Buffett’s summary at the time was characteristically direct: the financial industry earns enormous fees for activity that, on aggregate, destroys rather than creates value for investors. The mechanism is familiar: active management charges for the attempt to beat the market, but the attempt itself (through fees and trading costs) makes beating the market structurally harder.

 

When Active Management Can Make Sense

A balanced view requires acknowledging that active management is not always and everywhere a poor choice. There are genuine exceptions.

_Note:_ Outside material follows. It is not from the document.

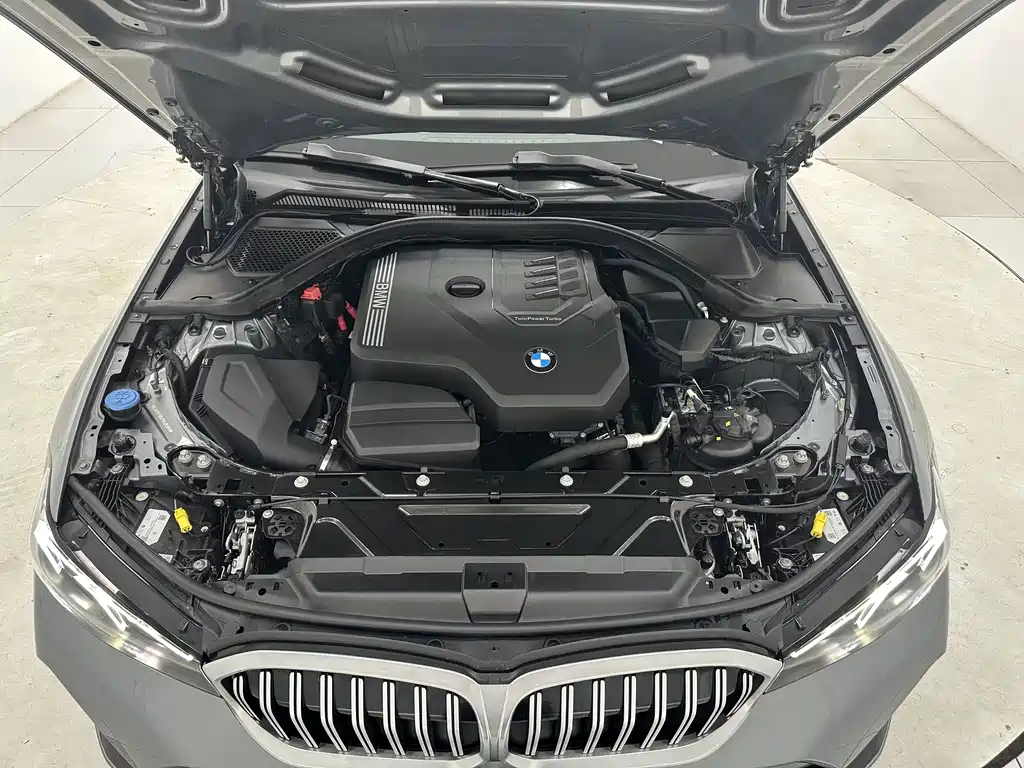 BMW 3 Series 2023 — фото 17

  • Illiquid private markets: Private equity, private credit, and real assets involve pricing inefficiencies, information advantages, and operational value-add that public market logic does not straightforwardly apply to. Manager selection matters more here.
  • Factor tilts: Systematic strategies that deliberately tilt toward documented risk premia – small-cap, value, quality, momentum – can be described as a form of structured active management. These have more durable theoretical and empirical backing than stock-picking.
  • Niche or less-efficient markets: Small-cap equities in less-covered markets, frontier market debt, or certain specialty fixed income categories show lower levels of analyst coverage and potentially more exploitable mispricings.
  • Tactical risk management: For investors with specific liability profiles or drawdown constraints, a rules-based active approach that modifies exposure during extreme conditions can serve a purpose beyond return maximisation.

These exceptions are real. They do not, however, rehabilitate the typical active equity fund charging 0.65%+ per year to outpick the S&P 500. The distinction is between structured active strategies with a clear theoretical basis and discretionary stock selection where the evidence for sustained excess returns is thin.

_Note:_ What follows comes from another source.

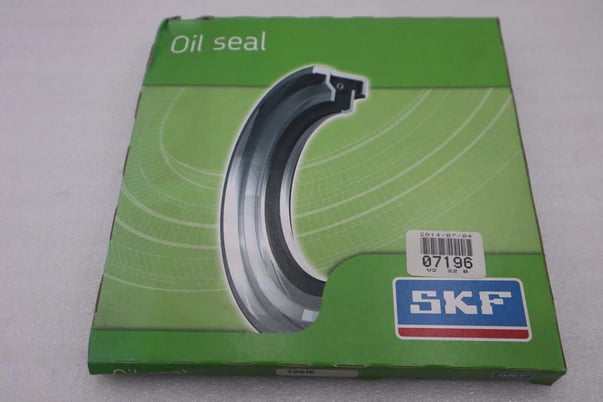 NEW IN BOX 72515 - CR Seals STOCK 5671A - Image 1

The conclusion is not that active managers are unsophisticated or dishonest. The people running these funds are, by and large, highly analytical, well-resourced, and genuinely competitive. The problem is that they are competing against each other, and only the costs are certain. Intelligence, conviction, and proprietary research all cancel out across the system. What remains reliably is the fee.

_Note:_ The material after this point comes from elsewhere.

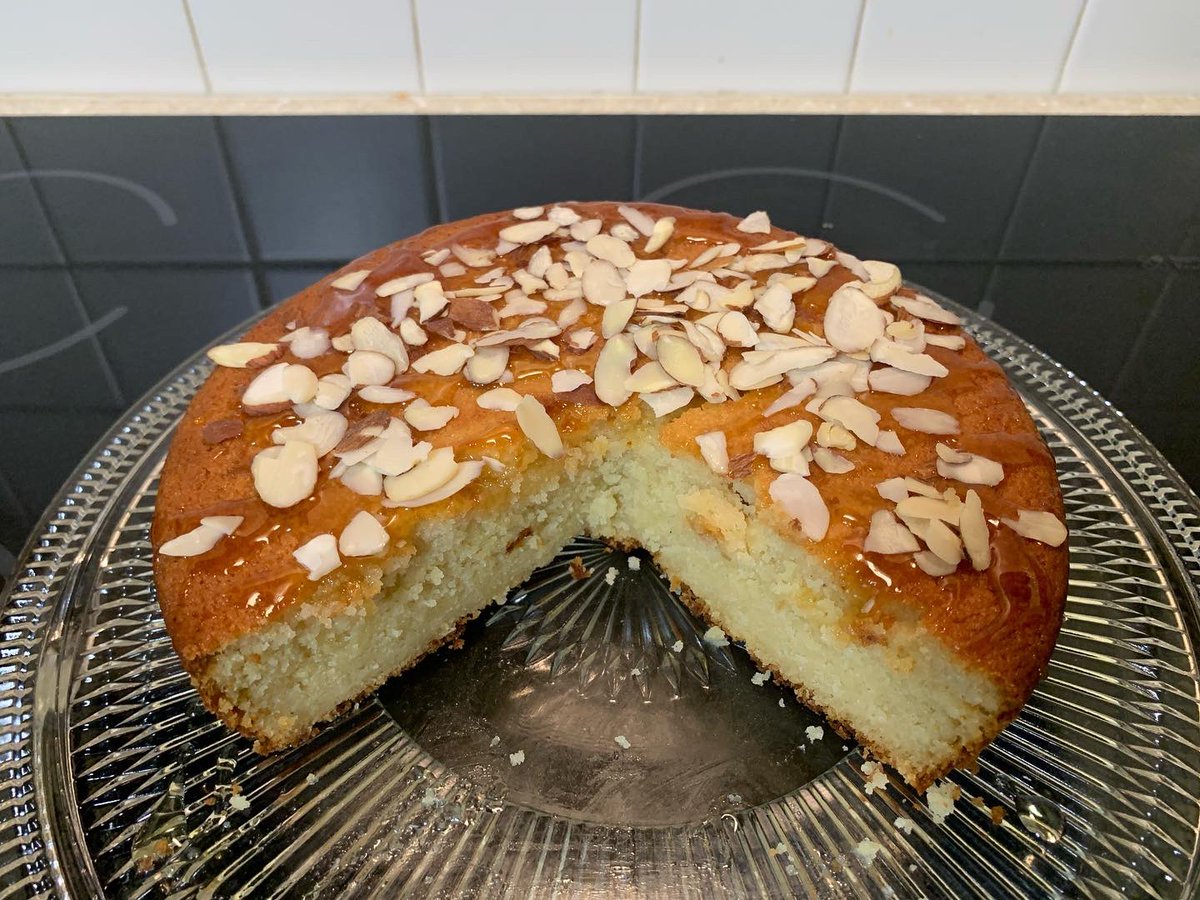 RoseCollette's tweet photo. Nighttime bakes are my favorite! Honey Almond Cake 😋 https://t.co/Eo5MViBptc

A study that covers over two decades of data, across dozens of markets, in every major asset class, returning a consistent answer of 80 – 95% underperformance over long horizons is not a statistical artefact. It is a structural property of how competitive markets work.

 

Final Thoughts

  • SPIVA data shows that 86 – 90% of active U.S. large-cap equity funds underperformed the S&P 500 over 10–15 years — a pattern that holds across geographies and asset classes.
  • By Sharpe’s arithmetic, active managers in aggregate must earn the market return before costs — and below it after. The math is not a hypothesis; it is identity.
  • A 1% annual fee difference, compounded over 30 years on a $100,000 portfolio, produces roughly $175,000 less in terminal wealth without the active manager underperforming at all on a gross basis.
  • Survivorship bias flatters the industry’s aggregate record by approximately 0.60% per year; when failed and liquidated funds are included, the case for active management weakens further.
  • Past outperformance does not predict future outperformance. According to the SPIVA Persistence Scorecard, no top-quartile large-cap fund from 2020 remained in the top quartile over the next four years.
  • Active management retains legitimate applications in private markets, factor-based strategies, and less-efficient niches but these are distinct from the typical discretionary stock-picking fund.

 If the data accumulated over 25 years of scorecards, confirmed by a Nobel laureate’s arithmetic, validated by a decade-long public wager, and replicated across dozens of markets does not change how you think about active management – what evidence, exactly, would?